Prácticamente todos hemos experimentado alguna vez esa sensación de frío que recorre rápidamente nuestro cuerpo, mientras que se nos eriza la piel. Sin embargo, los mecanismos por lo que esto ocurre no son del todo conocidos. Hay muchos estudios al respecto, pero ninguno había analizado lo que ocurre en el cerebro tan exhaustivamente y de una forma tan rápida como el que acaba de publicar en Frontiers in Neuroscience un equipo de científicos de la Universidad de Besançon, en Francia.

¿Por qué sentimos escalofríos por la música?

El fenómeno conocido comúnmente como piel de gallina, y más técnicamente como piloerección, se da involuntariamente, cuando sentimos frío o alguna emoción intensa.

Está mediado por el sistema nervioso simpático, desde donde se impulsa la contracción de los pequeños músculos que se encuentran en la base de cada uno de los pelos que “tapizan” la piel, tanto de humanos como de otros animales. Cuando ocurre a causa de las bajas temperaturas, estos pelos erectos crean una especie de abrigo, que aísla del frío el cuerpo del animal.

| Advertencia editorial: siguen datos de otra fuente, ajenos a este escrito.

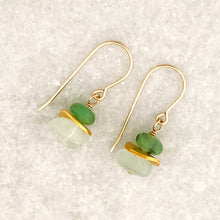 Load image into Gallery viewer, chrysoprase and aquamarine drop earrings with 24kt gold over sterling elements
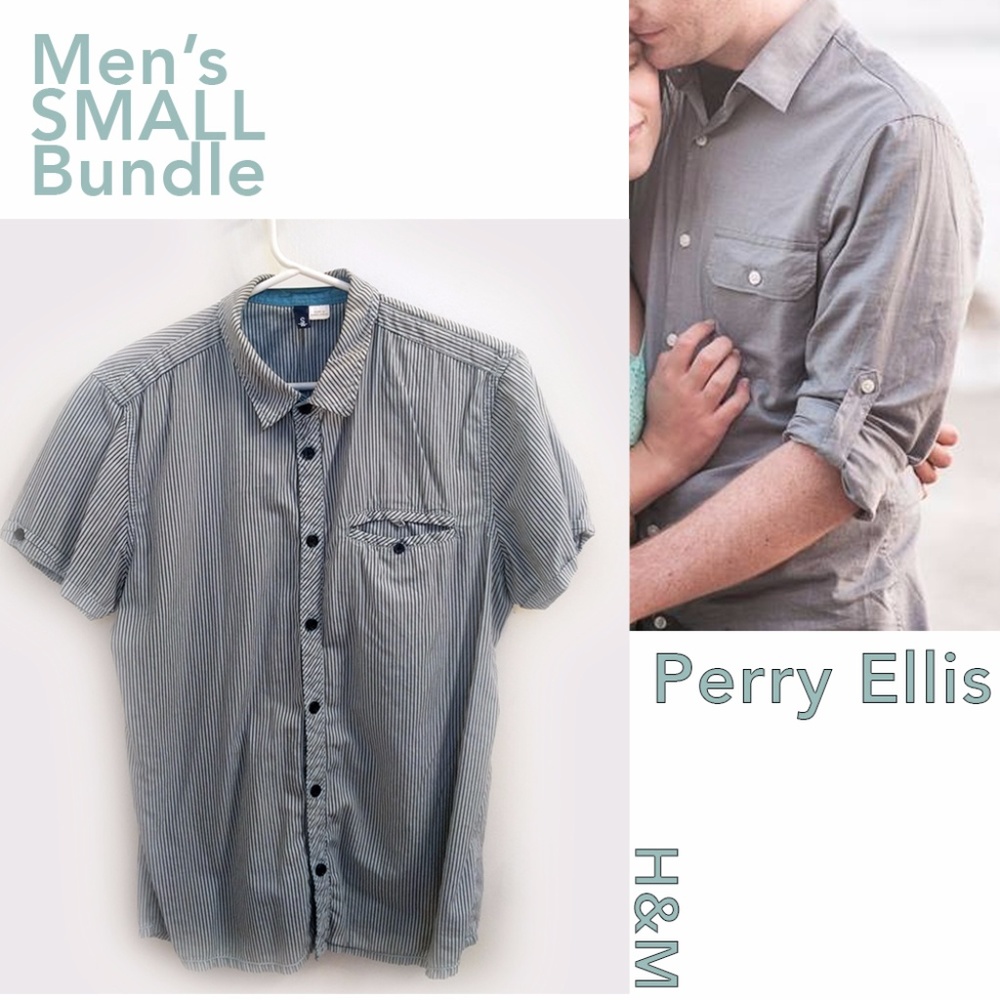 Perry Ellis Gray Casual Shirt + H&M Striped Shirt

En algunas especies se da también como respuesta al miedo o el enfado, ya que hace parecer al animal más grande, como ocurre con los gatos. Esta sería una de las conocidas como reacciones de “lucha o huida”, que también se ligan a las causas evolutivas de la ansiedad.

Y precisamente este es el motivo por el que también sentimos piel de gallina y escalofríos por la música. Al escuchar esa canción que nos gusta tanto, la excitación nos lleva a segregar dopamina, que se relaciona con el placer, pero también adrenalina. No nos estamos enfrentando a ningún peligro, pero es la misma hormona que se genera ante situaciones de riesgo, por lo que nuestro cuerpo lo interpreta con las mismas reacciones fisiológicas. Ahora bien, ¿qué pasa en el cerebro mientras tanto?

Música en el laboratorio

Para la realización de este estudio reciente, sus autores reclutaron a 18 voluntarios, 11 mujeres y 7 hombres. El punto común a todos ellos es que manifestaron experimentar con regularidad escalofríos por la música.

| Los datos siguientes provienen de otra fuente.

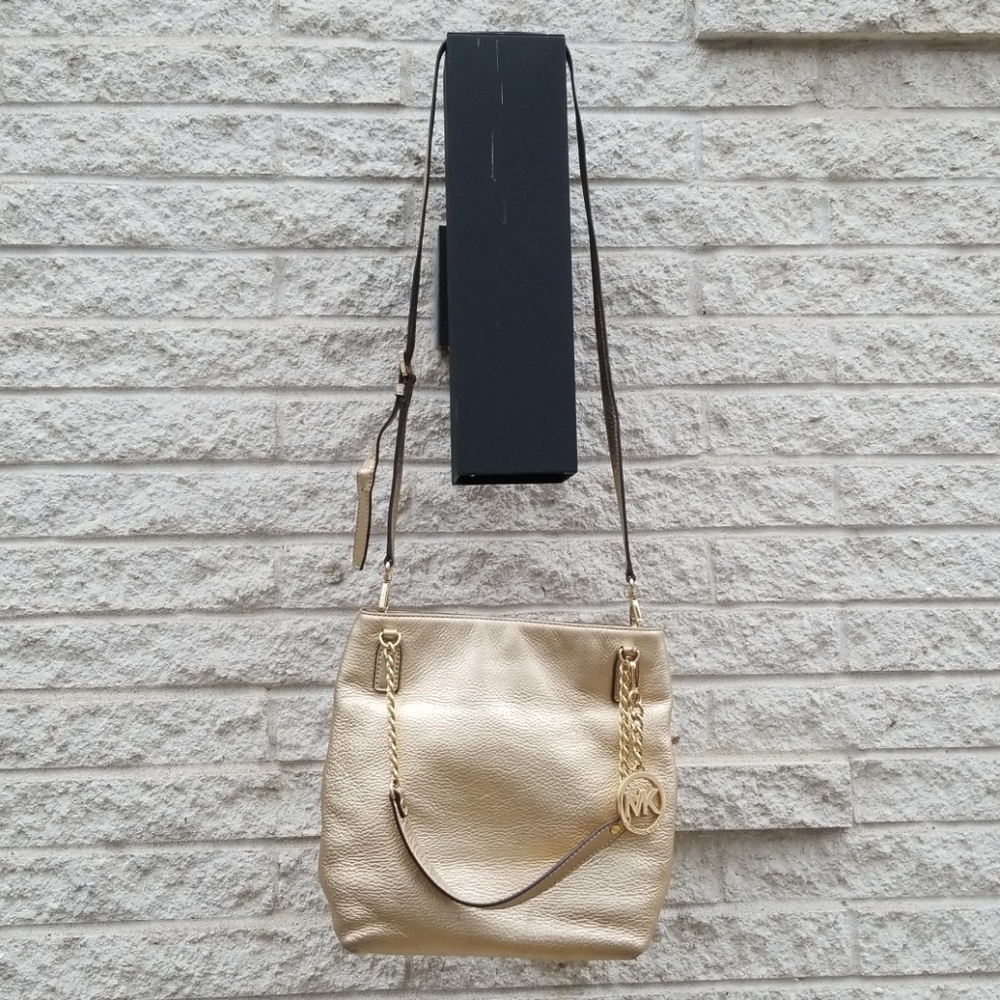 Metallic Gold Michael Kors With Chain Handles & Leather Adjustable Strap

Todo ellos tuvieron que escuchar una especie de “popurrí” de 15 minutos, compuesto por fragmentos de sonido de 90 segundos. Algunos pertenecían a las canciones que los participantes habían descrito como sus favoritas, mientras que otras eran una selección de obras de diferentes estilos, común para todos.

Mientras tanto, se les colocó una serie de electrodos en el cuero cabelludo para realizar un electroencefalograma que midiera la actividad de su cerebro en respuesta a la experiencia sensorial a la que se estaban sometiendo.

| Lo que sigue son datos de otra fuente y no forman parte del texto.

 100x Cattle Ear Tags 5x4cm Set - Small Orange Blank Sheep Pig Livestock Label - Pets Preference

En total, los voluntarios informaron de 300 escalofríos, con una duración media de 9 segundos, que también fueron detectaos por el dispositivo. Sin embargo, este detectó algunos otros de los que ni siquiera los propios participantes fueron conscientes. La respuesta cerebral en todos era muy similar, pues se generaba principalmente actividad en las cortezas prefrontal y orbitofrontal. La primera se asocia sobre todo a la cognición y la atención, mientras que la segunda procesa las emociones procedentes de experiencias sensoriales. Estas personas estaban atentas a la música, mientras que esta generaba emociones tan intensas como para desencadenar escalofríos.

Por otro lado, también se observaron patrones vinculados al área motora suplementaria del cerebro medio y el lóbulo temporal derecho, encargado de procesar los sonidos. Todo cuadraba.

No hace falta ser un prodigio musical

El electroencefalograma es más fácil de realizar fuera del laboratorio que las técnicas de imagen realizadas con anterioridad. Por eso, estos científicos creen que su procedimiento podría llevarse al terreno real, para ver cómo reacciona el público en teatros y salas de conciertos. Incluso para analizar la capacidad de un tema concreto para generar ese escalofrío por la música.

De momento, uno de los datos interesantes que se obtienen a partir de este estudio es que la reacción de los participantes no dependía de si tenían o no formación musical. Y es que no hace falta ser Beethoven para conmoverse con su Claro de Luna, ni Dolores O’riordan para unirse a las protestas que ella y su grupo imprimieron en sus acordes, ni Paco de Lucía para vibrar con las cuerdas de su guitarra. No es necesario saber leer una partitura ni tocar un instrumento, basta con tener eso a lo que muchos llaman alma. Basta con que las notas hagan estremecerse a nuestro cerebro.